DistRL: An Asynchronous Distributed Reinforcement Learning Framework for On-Device Control Agents

On-device control agents, especially on mobile devices, are responsible for operating mobile devices to fulfill users' requests, enabling seamless and intuitive interactions. Integrating Multimodal Large Language Models (MLLMs) into these agents enhances their ability to understand and execute complex commands, thereby improving user experience.

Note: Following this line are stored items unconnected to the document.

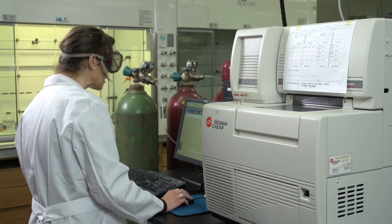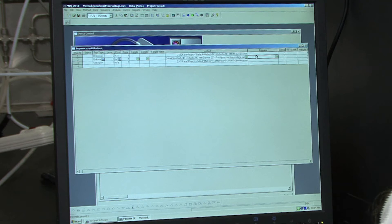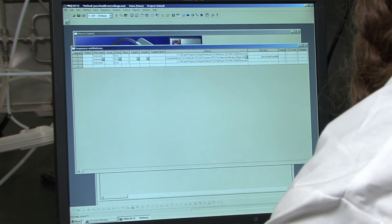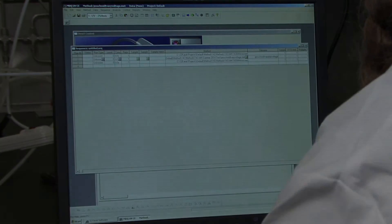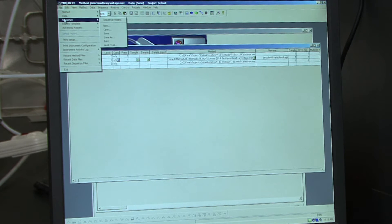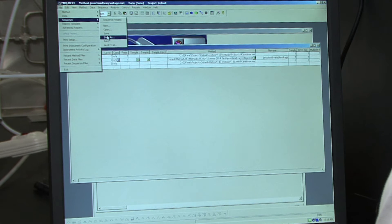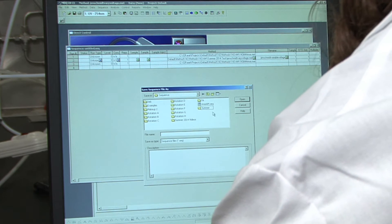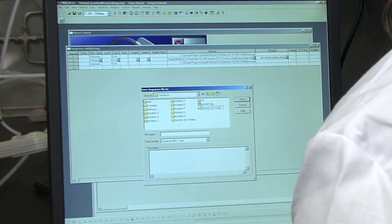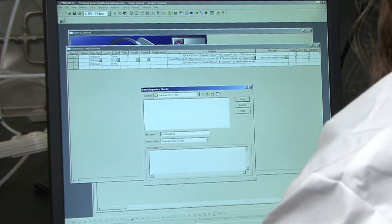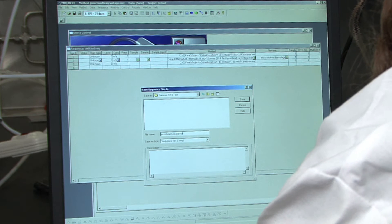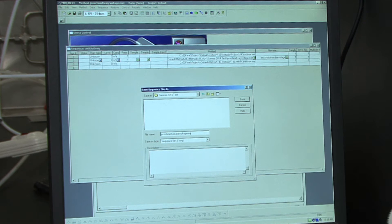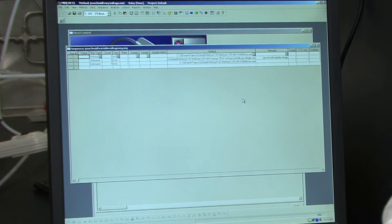So you need to enter file names for your variable voltage method. Type in your Hawk ID and variable voltage. Now we need to save our sequence before we run it. So to do that, we'll just go again up to file, sequence, save as. I'm going to create a new folder here. And again, save it with your Hawk ID and variable voltage sequence.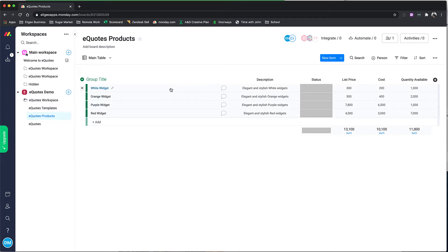If you take a look at this here, we have a number of different colored widgets that we've provided on this sample board.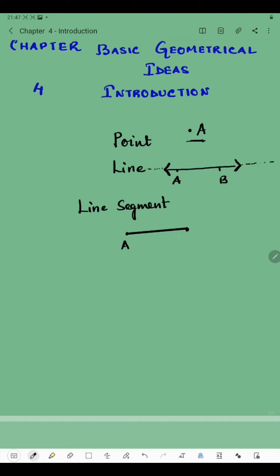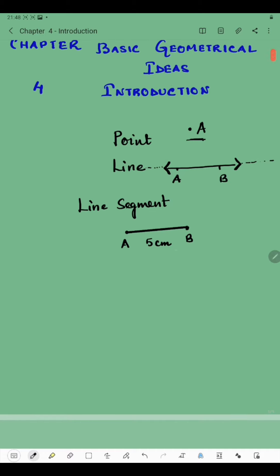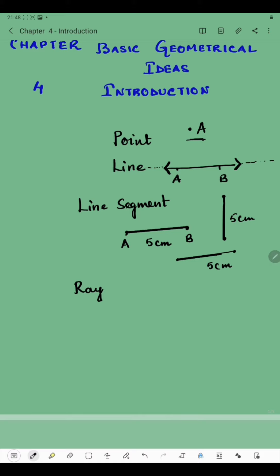Next we have a line segment. A line segment is a part of a line — if I start from here and end up to here, this is our line segment. Let's name it AB. AB is a line segment — it has a beginning point and an ending point, and it has a definite length. For example, AB is a line segment of length five centimeters. So a line segment has a definite length with a beginning point and an ending point.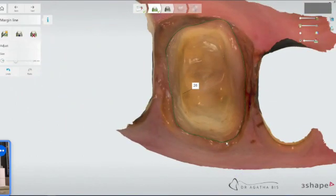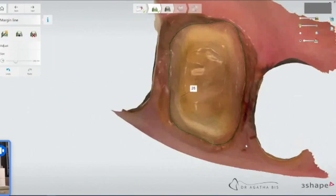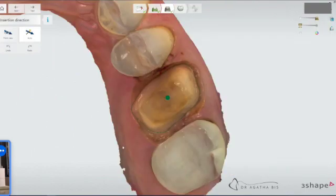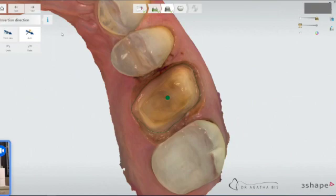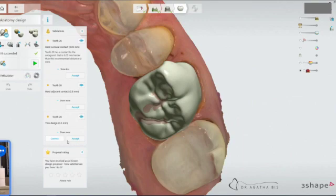I mean, you could spend a ton of time here or very little time. The insertion direction, I just leave as auto unless I'm doing an onlay and that's in a different video. But for crowns, I do the automatic insertion direction. And then we wait for the design.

However, fine-tuning MLLMs for on-device control presents significant challenges due to limited data availability and inefficient online training processes. This paper introduces DistRL, a novel framework designed to enhance the efficiency of online RL fine-tuning for mobile device control agents. DistRL employs centralized training and decentralized data acquisition to ensure efficient fine-tuning in the context of dynamic online interactions. Additionally, the framework is backed by our tailor-made RL algorithm, which effectively balances exploration with the prioritized utilization of collected data to ensure stable and robust training. Our experiments show that, on average, DistRL delivers a 3X improvement in training efficiency and enables training data collection 2.4X faster than the leading synchronous multi-machine methods. Notably, after training, DistRL achieves a 20% relative improvement in success rate compared to state-of-the-art methods on general Android tasks from an open benchmark, significantly outperforming existing approaches while maintaining the same training time. These results validate DistRL as a scalable and efficient solution, offering substantial improvements in both training efficiency and agent performance for real-world, in-the-wild device control tasks.

翻译：设备端控制代理，尤其是在移动设备上，负责操作移动设备以满足用户请求，实现无缝且直观的交互。将多模态大语言模型（MLLMs）集成到这些代理中，增强了其理解和执行复杂指令的能力，从而提升了用户体验。然而，由于可用数据有限且在线训练过程效率低下，为设备端控制微调MLLMs面临重大挑战。本文提出了DistRL，一个旨在提升移动设备控制代理在线强化学习微调效率的新型框架。DistRL采用集中式训练与分布式数据采集，以确保在动态在线交互背景下实现高效微调。此外，该框架由我们定制的强化学习算法提供支持，该算法有效平衡了探索与对收集数据的优先级利用，从而确保了稳定且鲁棒的训练。我们的实验表明，平均而言，DistRL实现了训练效率3倍的提升，并且训练数据采集速度比领先的同步多机方法快2.4倍。值得注意的是，训练完成后，在一个开放基准测试的通用Android任务上，DistRL相比最先进方法实现了20%的相对成功率提升，在保持相同训练时间的同时显著优于现有方法。这些结果验证了DistRL作为一个可扩展且高效的解决方案，在实际开放环境设备控制任务中，在训练效率和代理性能方面均提供了实质性改进。